David sighed. “I guess not.”

“I’m not exactly stressing about going. Grams would never make me. But I know she wants to go and I’m holding her back. I feel pretty bad about that.” I started playing with some fly away strings on the end of the comforter so I could focus on that instead of whatever face David was surely making. He’d told  me on more than one occasion that my family situation broke his heart. And while I knew he meant well, I didn’t always want to see that.

David placed his hands over mine. I still didn’t look up.

“Listen, I wasn’t going to ask because I know it’s usually just you and Grams for Christmas, but I think it might actually be a good alternative this year. My mom really wants you to come over Christmas morning and be with us while we open gifts. And, you know, I would really love it too. You could spend the night with us and everything. And that way Grams could go to Great Falls and not feel like she’s leaving you behind, and you won’t have to go.”

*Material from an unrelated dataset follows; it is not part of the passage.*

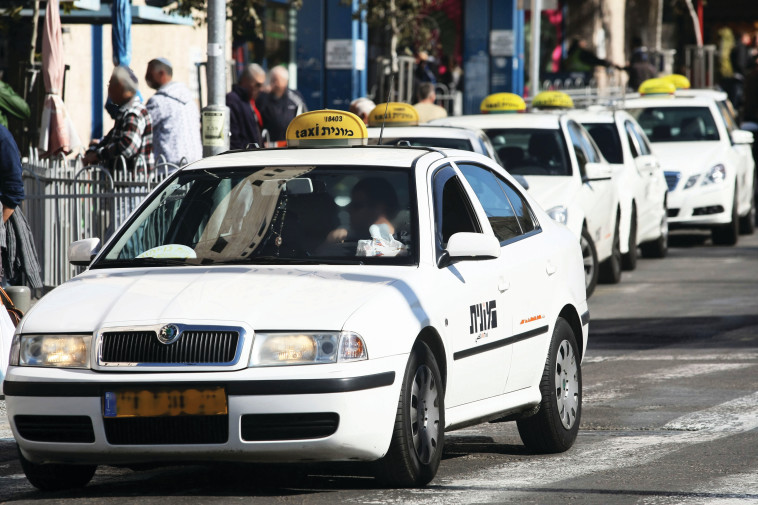 מוניות, צילום אילוסטרציה. קרדיט: קובי גדעון, פלאש 90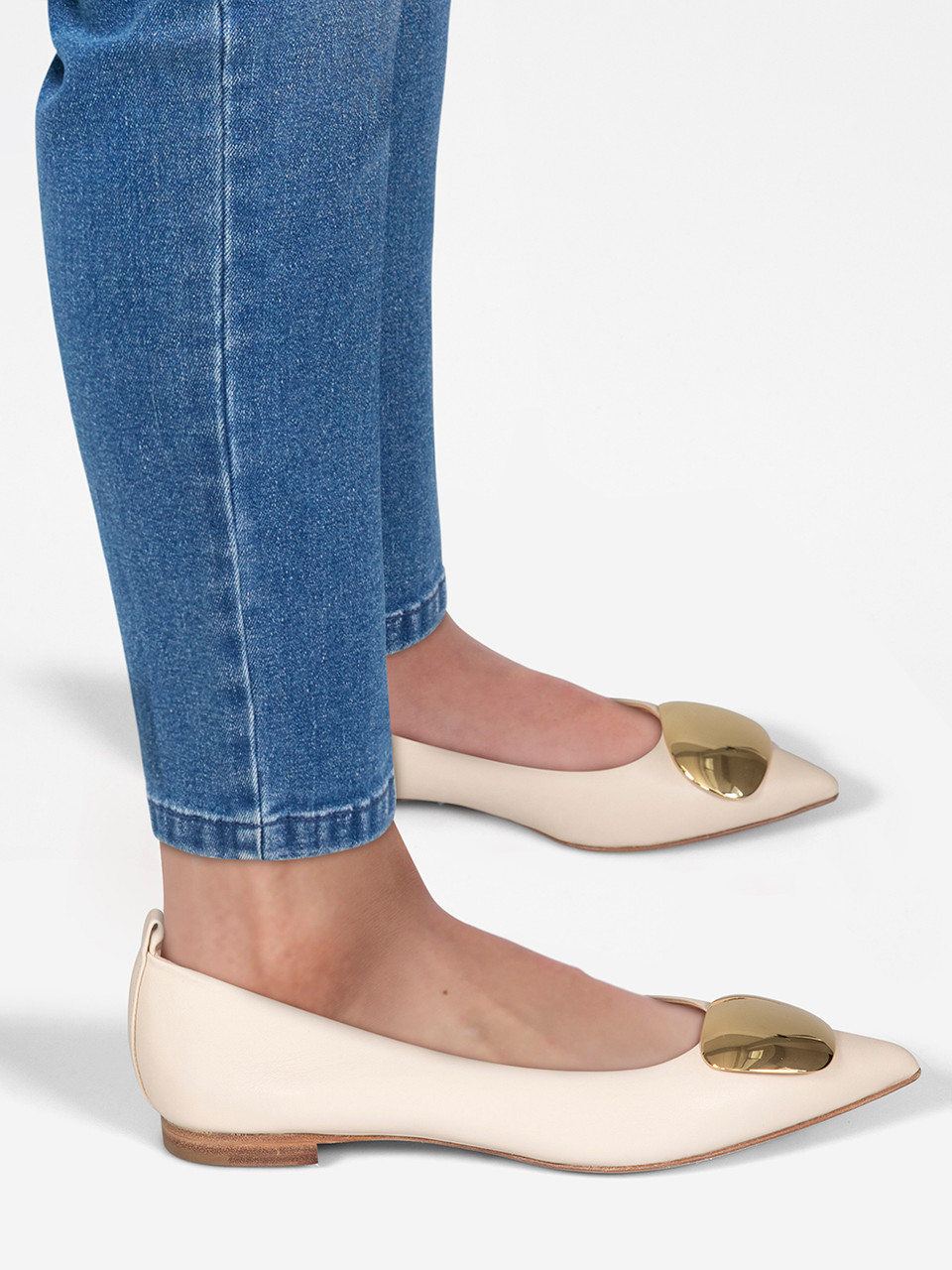 Rupert Sanderson Beige Leather Point Toe Flats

Any anxiety I had felt over the last few days evaporated. I loved David’s family and it warmed my heart constantly to know that they returned the affection. My first instinct was to ask David if they were sure, because I didn’t want to intrude. But I’d been with David long enough to know that they wouldn’t invite me if they weren’t. So I swallowed the question and finally looked into David’s eyes. “You are literally my hero,” I said, and I leaned over to kiss him. He tried to pull back after the first kiss like we normally do, but I wasn’t having that. I held him close to me and deepened the kiss, molding into him when his arms wrapped around me. I never knew what else to do in situations like this. I never knew how to thank him properly. Because this offer would mean more to me and Grams than he’d ever know, and the words “thank you” just felt empty.

When we had to pull back to breathe David nudged my nose with his. “So is that a yes?” he asked.

I laughed. “That’s definitely a yes.”